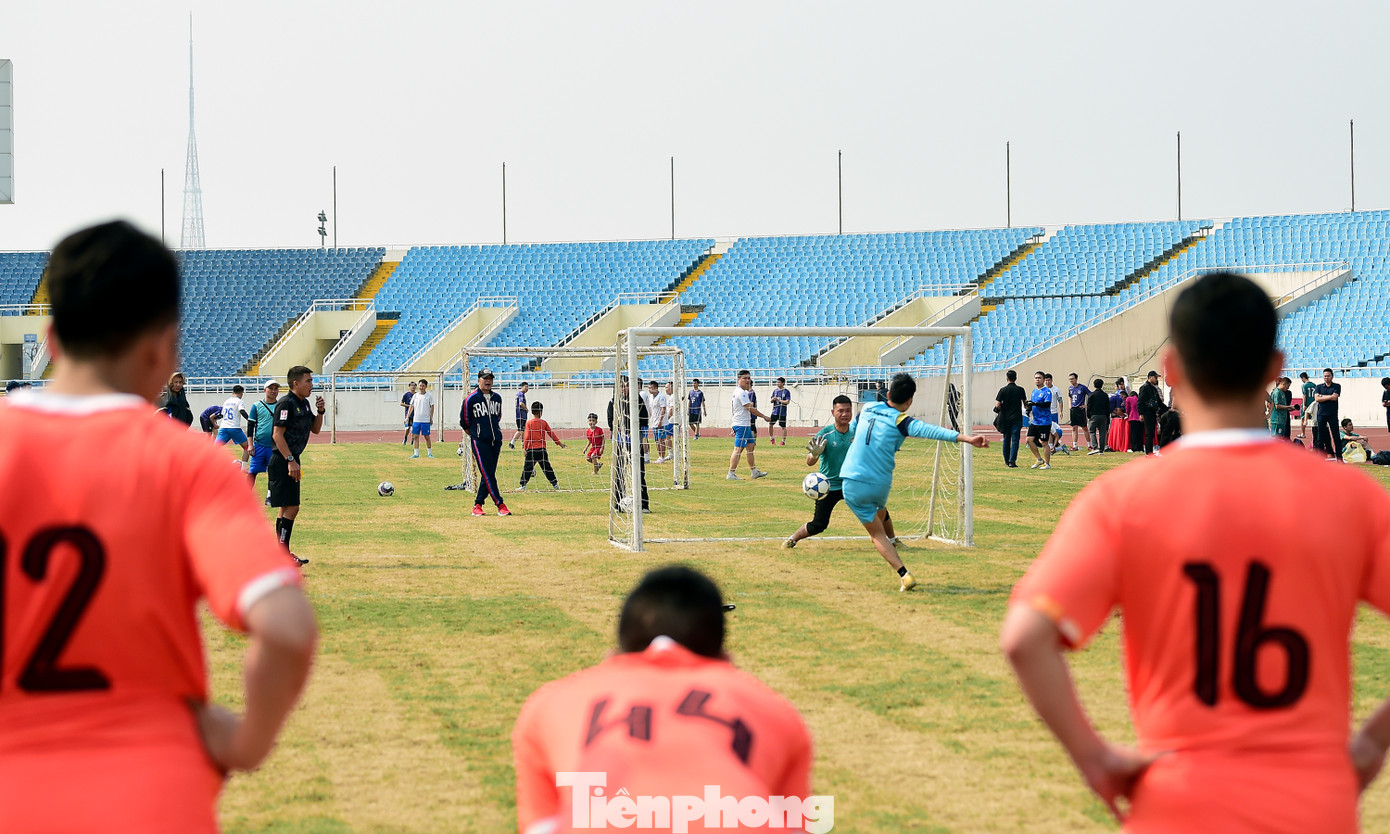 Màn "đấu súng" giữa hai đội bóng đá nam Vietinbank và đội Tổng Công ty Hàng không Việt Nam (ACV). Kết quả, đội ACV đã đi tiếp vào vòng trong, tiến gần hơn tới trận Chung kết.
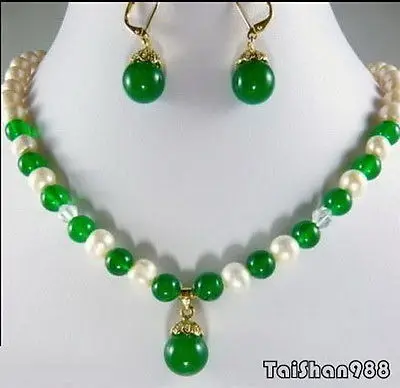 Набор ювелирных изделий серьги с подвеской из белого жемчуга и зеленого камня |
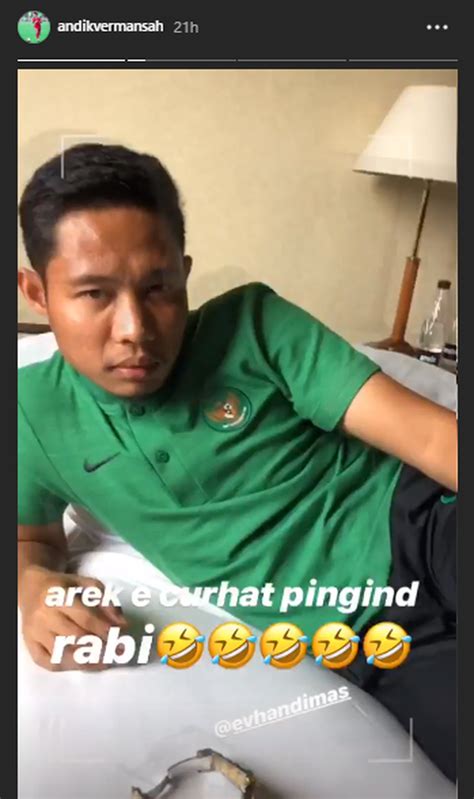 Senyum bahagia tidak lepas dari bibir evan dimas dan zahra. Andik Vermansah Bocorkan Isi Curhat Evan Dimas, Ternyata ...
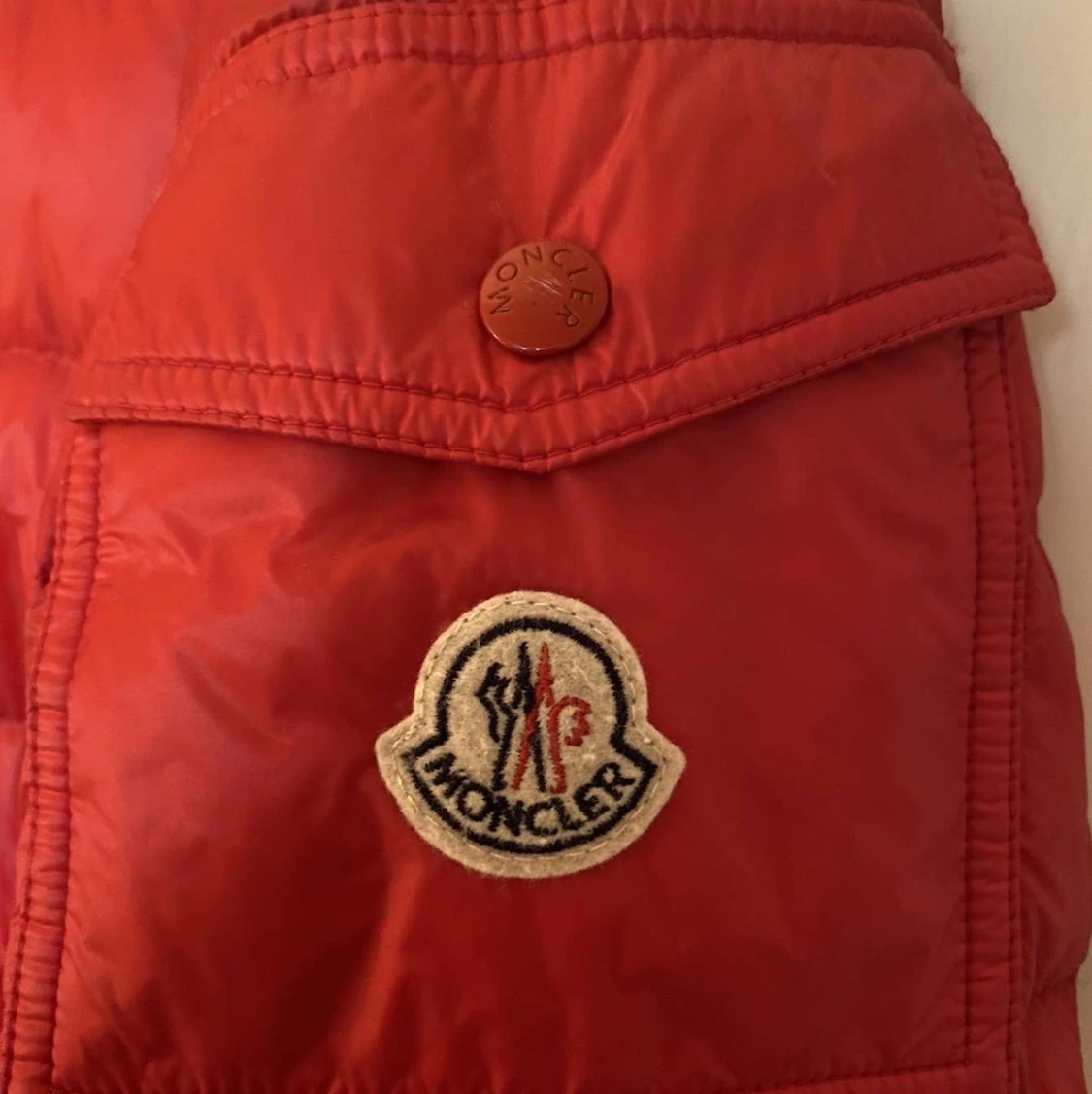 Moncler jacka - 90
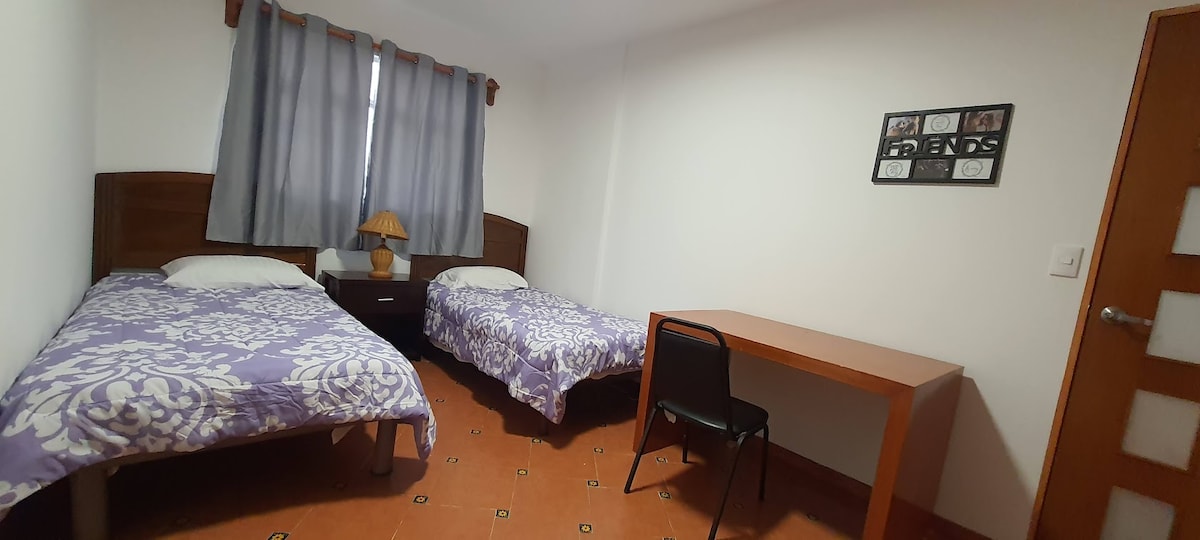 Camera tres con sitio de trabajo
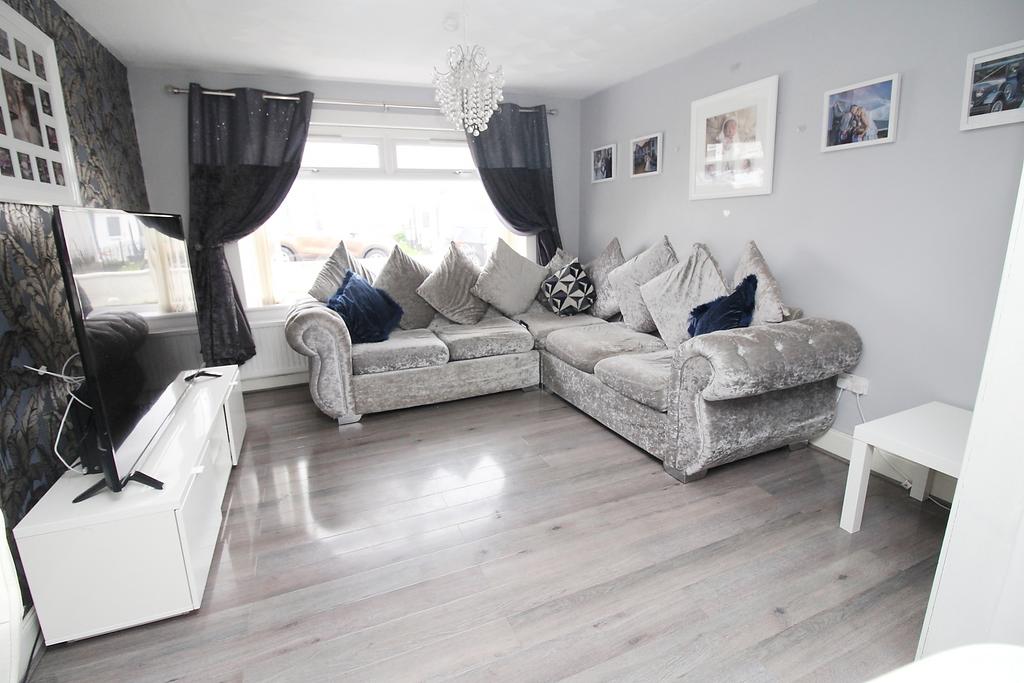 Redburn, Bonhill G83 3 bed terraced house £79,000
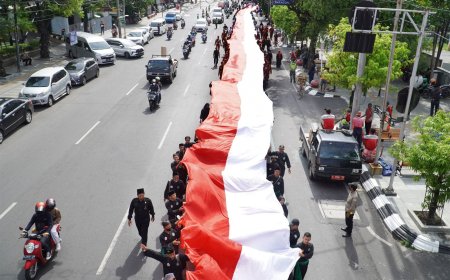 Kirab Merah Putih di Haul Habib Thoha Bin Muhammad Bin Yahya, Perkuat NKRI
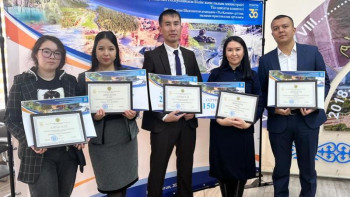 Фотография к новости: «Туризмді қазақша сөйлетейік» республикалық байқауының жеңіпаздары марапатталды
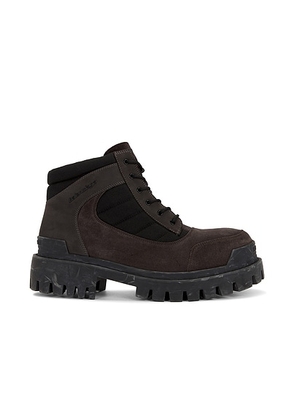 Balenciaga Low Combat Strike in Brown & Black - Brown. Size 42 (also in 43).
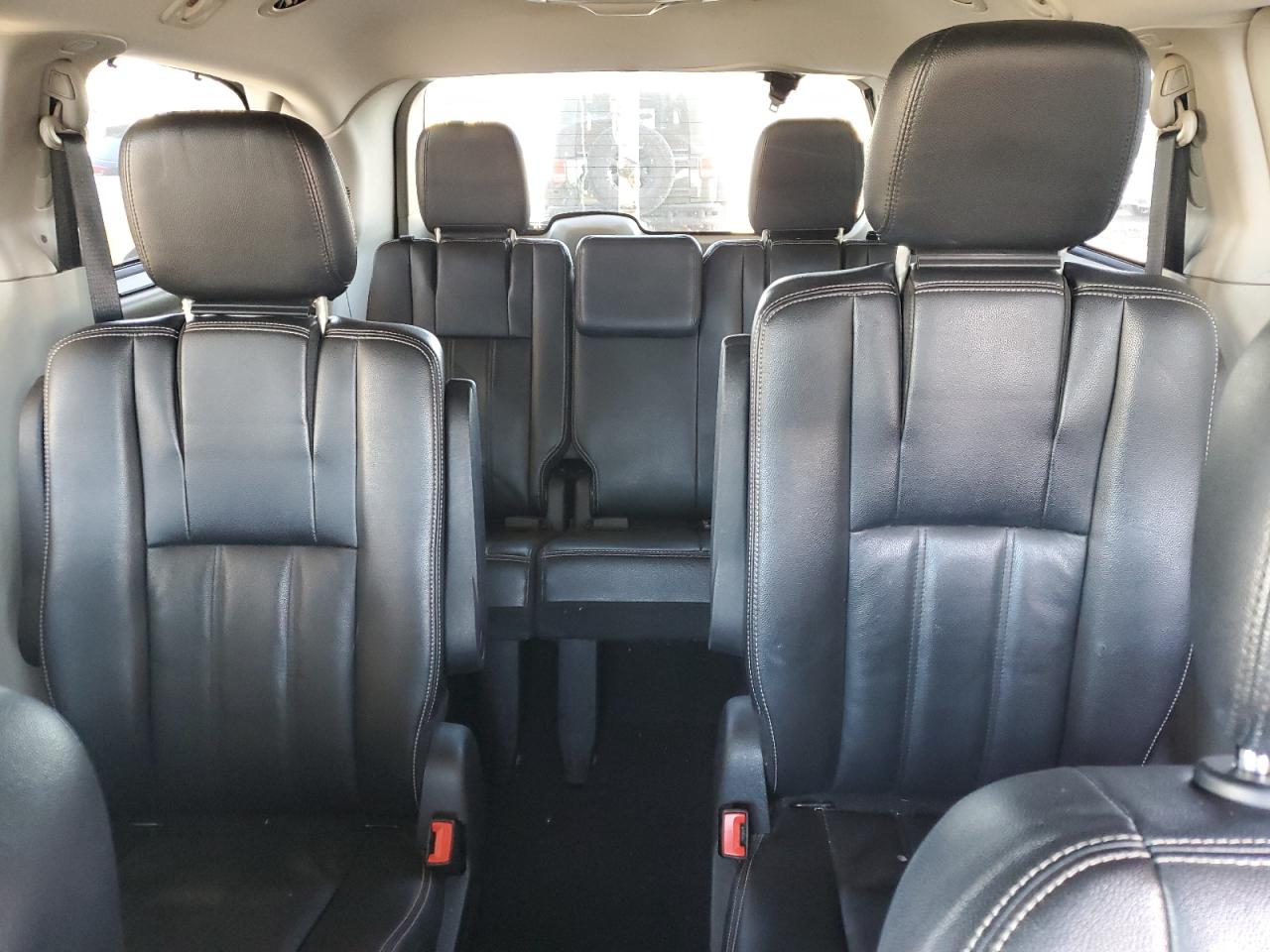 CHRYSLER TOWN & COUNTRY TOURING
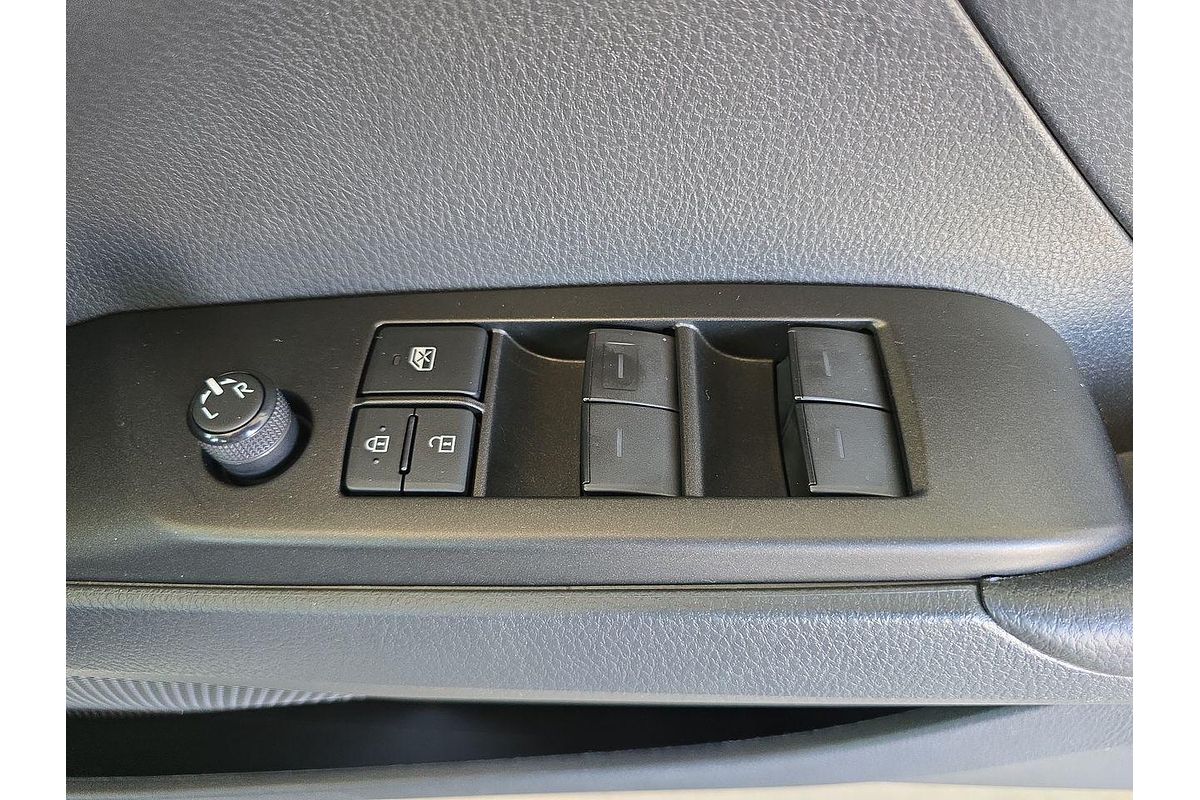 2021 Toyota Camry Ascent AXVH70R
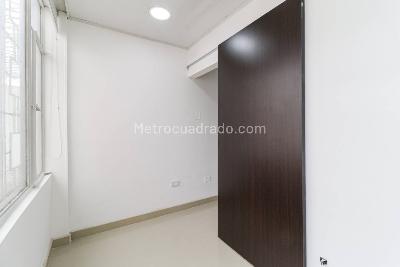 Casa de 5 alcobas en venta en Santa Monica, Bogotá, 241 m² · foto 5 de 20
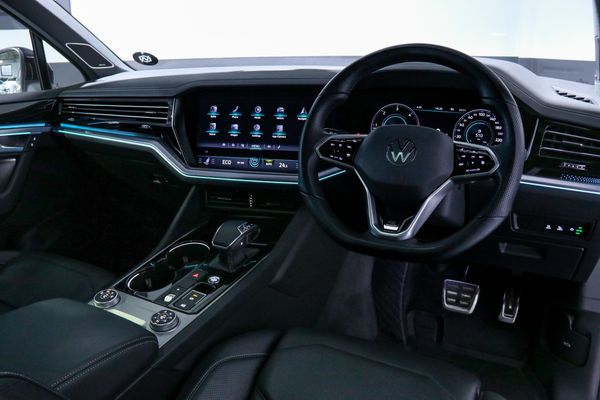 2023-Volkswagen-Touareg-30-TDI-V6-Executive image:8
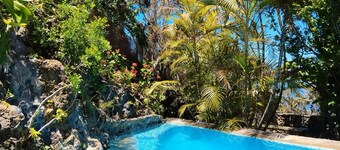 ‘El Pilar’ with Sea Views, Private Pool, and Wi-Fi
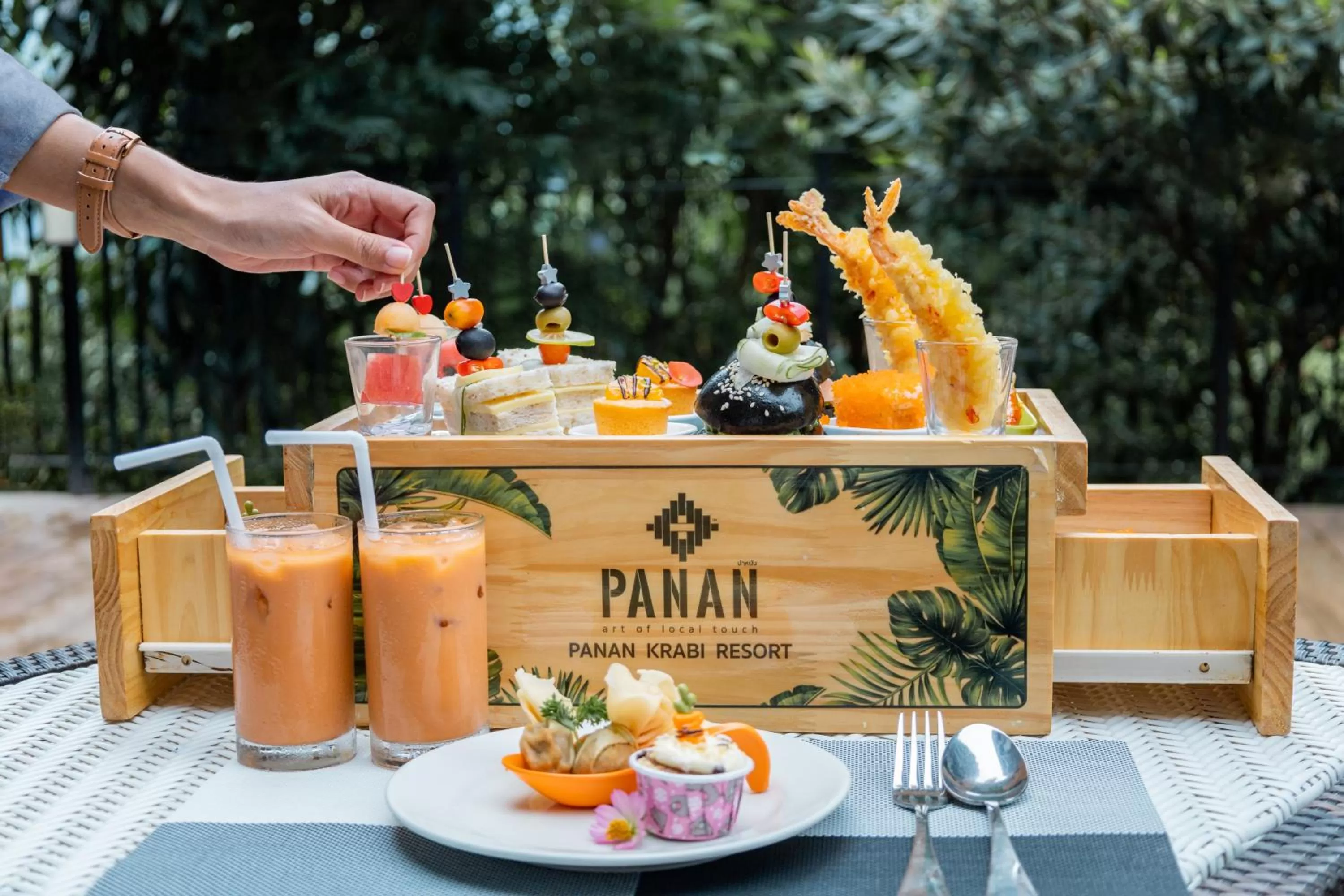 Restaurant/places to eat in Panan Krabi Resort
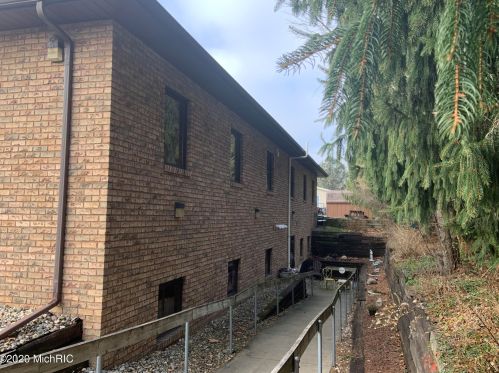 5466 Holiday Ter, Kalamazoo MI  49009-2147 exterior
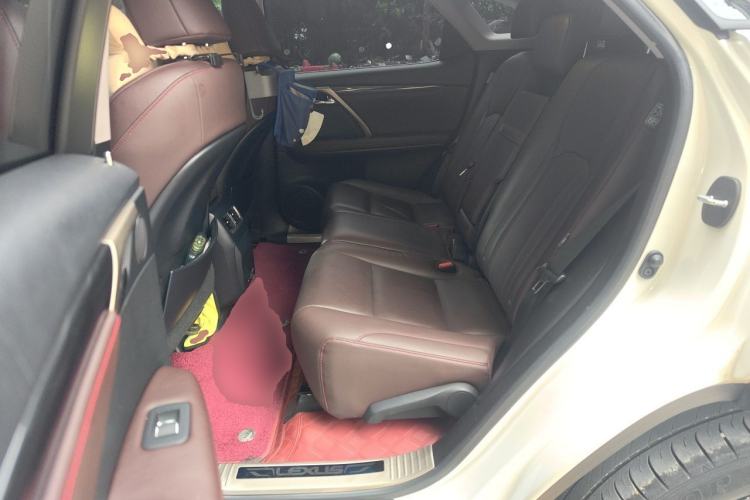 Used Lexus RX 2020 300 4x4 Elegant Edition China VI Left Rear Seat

_What is expected:_ Return every line of the records exactly as given, pictures excluded.

_Exercise response:_
 Màn "đấu súng" giữa hai đội bóng đá nam Vietinbank và đội Tổng Công ty Hàng không Việt Nam (ACV). Kết quả, đội ACV đã đi tiếp vào vòng trong, tiến gần hơn tới trận Chung kết.
 Набор ювелирных изделий серьги с подвеской из белого жемчуга и зеленого камня |
 Senyum bahagia tidak lepas dari bibir evan dimas dan zahra. Andik Vermansah Bocorkan Isi Curhat Evan Dimas, Ternyata ...
 Moncler jacka - 90
 Camera tres con sitio de trabajo
 Redburn, Bonhill G83 3 bed terraced house £79,000
 Kirab Merah Putih di Haul Habib Thoha Bin Muhammad Bin Yahya, Perkuat NKRI
 Фотография к новости: «Туризмді қазақша сөйлетейік» республикалық байқауының жеңіпаздары марапатталды
 Balenciaga Low Combat Strike in Brown & Black - Brown. Size 42 (also in 43).
 CHRYSLER TOWN & COUNTRY TOURING
 2021 Toyota Camry Ascent AXVH70R
 Casa de 5 alcobas en venta en Santa Monica, Bogotá, 241 m² · foto 5 de 20
 2023-Volkswagen-Touareg-30-TDI-V6-Executive image:8
 ‘El Pilar’ with Sea Views, Private Pool, and Wi-Fi
 Restaurant/places to eat in Panan Krabi Resort
 5466 Holiday Ter, Kalamazoo MI  49009-2147 exterior
 Used Lexus RX 2020 300 4x4 Elegant Edition China VI Left Rear Seat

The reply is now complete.